Muito mais do que o nascimento de um novo movimento de sociedade civil organizada independente e apartidária, com viés liberal, libertário e/ou conservador, o que se viu ontem foi um saudosista movimento que parece querer resgatar o "bom e velho PT".
Desculpem se sou chato, antipático e pessimista. Mas foi desta maneira que vi o que aconteceu ontem. E como jornalista que tento ser, gosto de prestar continência sempre ao Comandante: o Fato.
Pseudo indignados
Mas estão indignados com o quê mesmo, os que protestaram ontem? Com a corrupção endêmica que se arrasta no Brasil há 122 anos, desde que a República foi criada? E que já germinava mesmo sob a Monarquia? Indignados com a "falta de ética na gestão do Estado"? Pergunta: em que época, país ou mesmo cidade em que o poder estatal se organizou que não houve corrupção?

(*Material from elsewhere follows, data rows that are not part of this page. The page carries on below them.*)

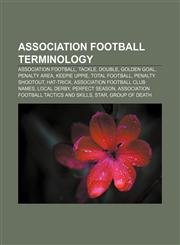 Association football terminology Association football, Tackle, Double, Golden goal, Penalty area, Keepie uppie, Total Football,1156753767,9781156753767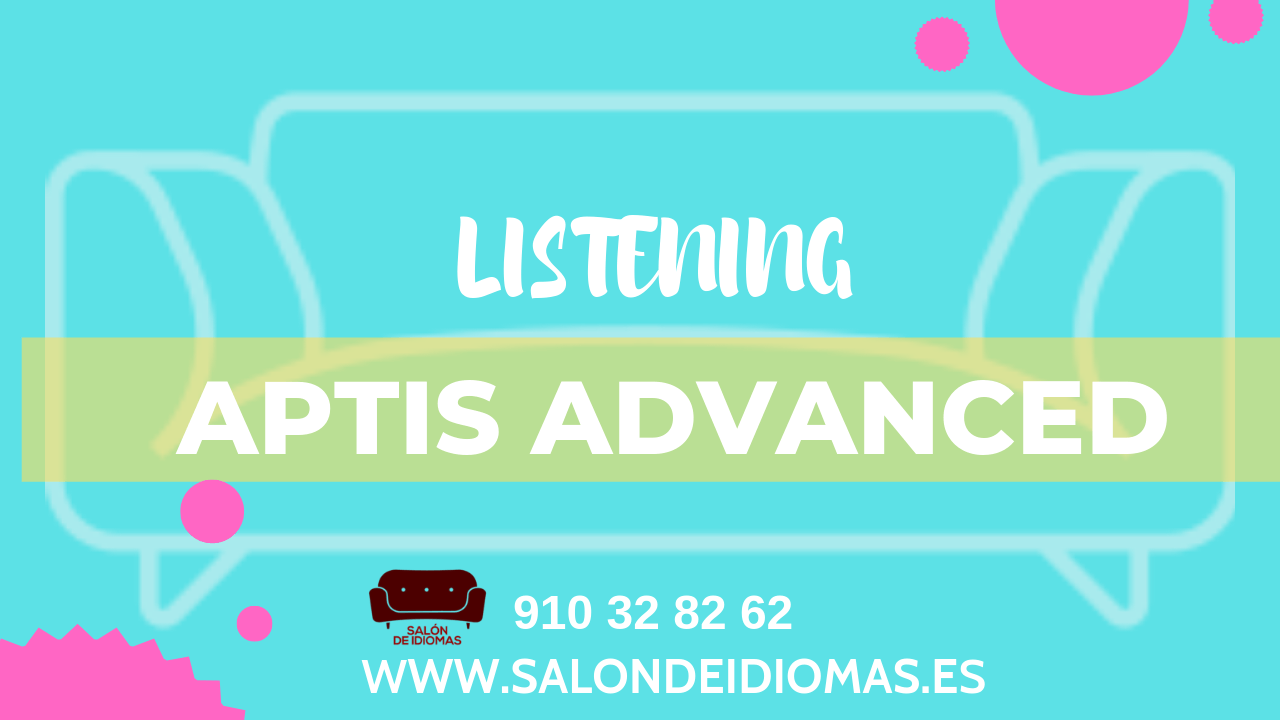 Listening Aptis Advanced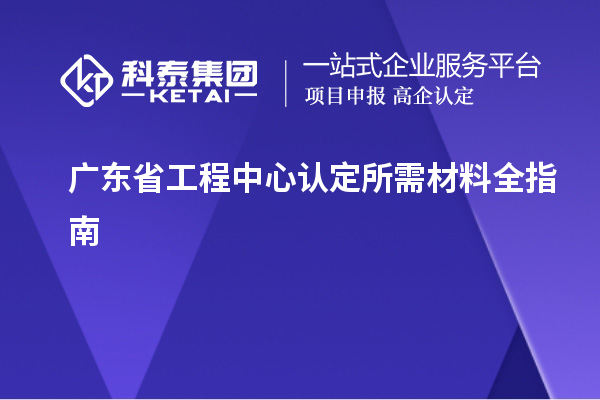 广东省工程中心认定所需材料全指南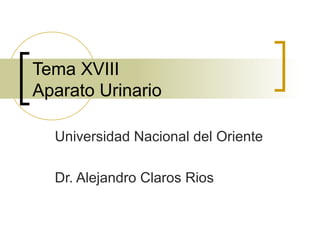 Tema XVIII
Aparato Urinario
Universidad Nacional del Oriente
Dr. Alejandro Claros Rios
 
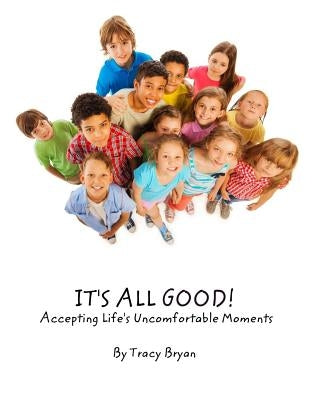 It's All Good! Accepting Life's Uncomfortable Moments by Bryan, Tracy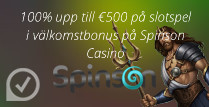 100% upp till €500 på slotspel i välkomstbonus på Spinson Casino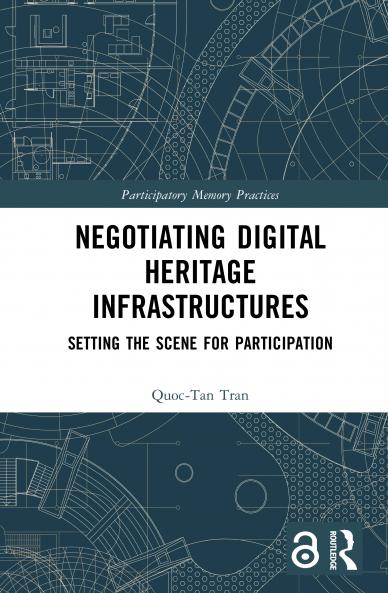 Negotiating Digital Heritage Infrastructures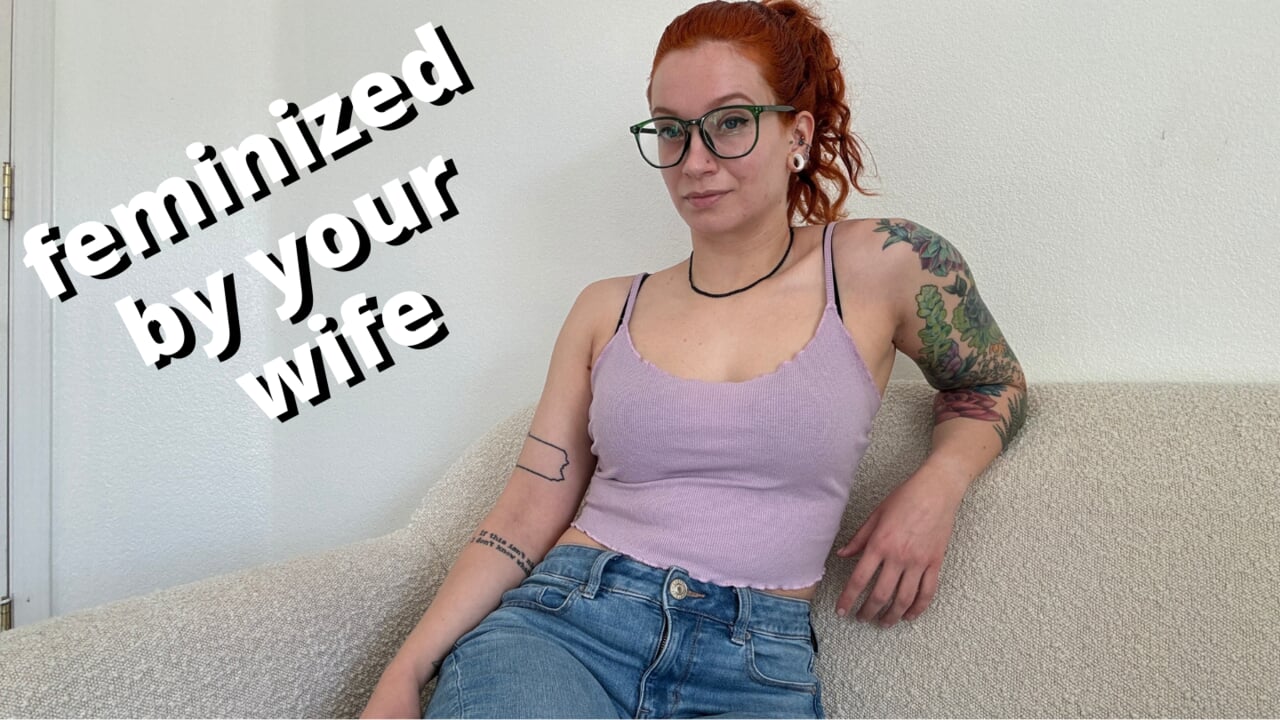 wife’s imposed fem: hormones, ball removal, permanent makeup – full video on Veggiebabyy Manyvids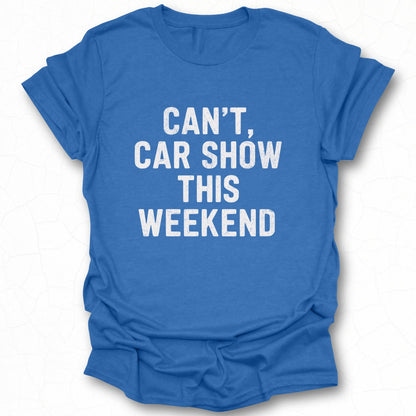 Can't Car Show This Weekend Graphic T-shirt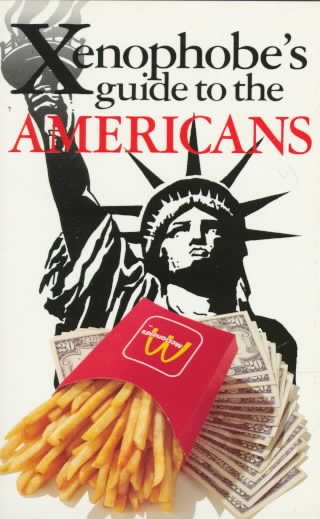 The Xenophobe's Guide to the Americans cover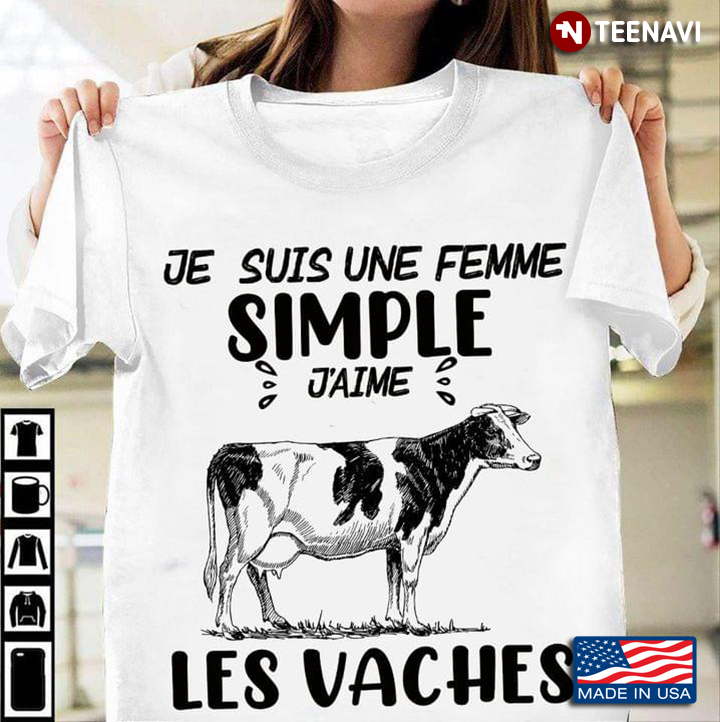 Cow Je Suis Une Femme Simple J’aime Les Vaches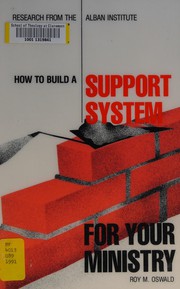 Cover of: How to build a support system for your ministry by Roy M. Oswald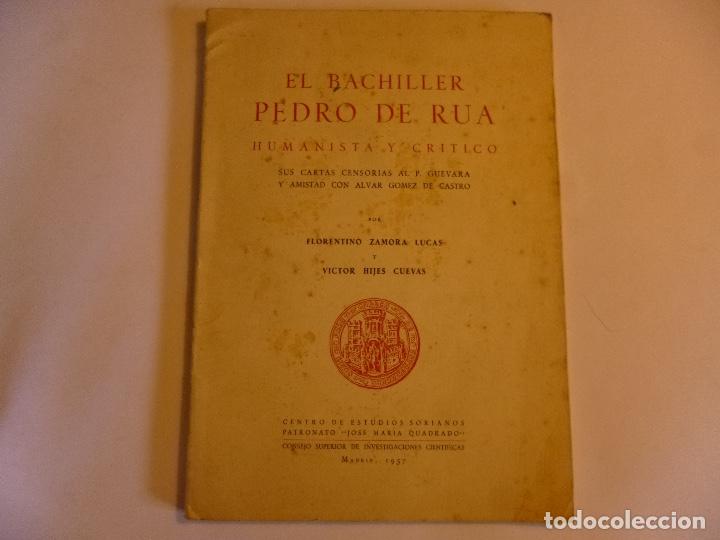 Gebrauchte B&uuml;cher: El bachiller Pedro de Rua Humanista y Critico. sus cartas... por Florentino Zamora y Victor Hijes 1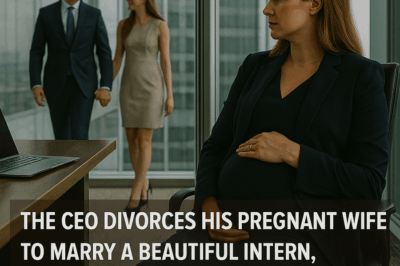 The CEO Divorces His Pregnant Wife To Marry A Beautiful Intern, But Unexpectedly His Wife Is The President Of The Corporation — And The End…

Informação: onde houver um ente estatal organizado, ali haverá corrupção. Como não encontramos formas melhores de conviver em civilização, especialmente em sociedades de massa, que não passem pela organização de entes estatais com certas prerrogativas especiais (como, por exemplo, o monopólio do uso da força), somos obrigados a aceitar um certo grau de corrupção por parte de tais entes. Desculpem se choco os corações mais puros. Mas esta é tão somente a verdade.
"Ah!, mas no Brasil a corrupção passou dos limites!", brandam os pseudo-indignados. Até acredito que sim. Até porquê, temos um dos aparelhos estatais mais gigantes do planeta. Obra de seguidos governos no último século inteiro que sempre preferiram acreditar mais no Estado e menos na sociedade. Mais na Pólis do que nos indivíduos livremente organizados e coordenados.
Se querem que a corrupção baixe a níveis mínimos, "toleráveis", digamos assim, não adianta gritar contra a corrupção e pedir ética, honestidade, moral e bons costumes. Tudo isso deve fazer parte da educação individual que crianças deveriam aprender no seio de suas famílias. Isto deveria ser parte de princípios básicos de formação do caráter dos nossos cidadãos. Isso não é, nunca foi e nunca será pauta política. Se querem que a corrupção baixe é inevitável que se peça menos Estado. Que se peça uma diminuição do número de ministérios. Que se acabe com o conceito, sedimentado ao longo de gerações nas cabecinhas de milhões de cidadãos brasileiros, de que o Estado é uma babá que deve cuidar de cada um desde o berço até o túmulo.
Enquanto a indignação não for ao cerne do problema e prosseguir no onanismo moralista, continuamos na estaca zero. E estamos longe, muito longe de termos indignados de verdade. O máximo que temos são pseudo-indignados. E olha lá.
Grande semeadura
Dia desses o ex-prefeito do Rio de Janeiro, Cesar Maia, tratava em sua newsletter, batizada de Ex-Blog, sobre um tal de marketing de grande semeadura. O tal marketing parece ter encontrado o meio-termo entre as mídias sociais e as mídias de massa. Não põe todos os ovos em nenhuma das grandes cestas. Faz uma divisão. Um pouco de mass mídia, um pouco de boca a boca na grande rede.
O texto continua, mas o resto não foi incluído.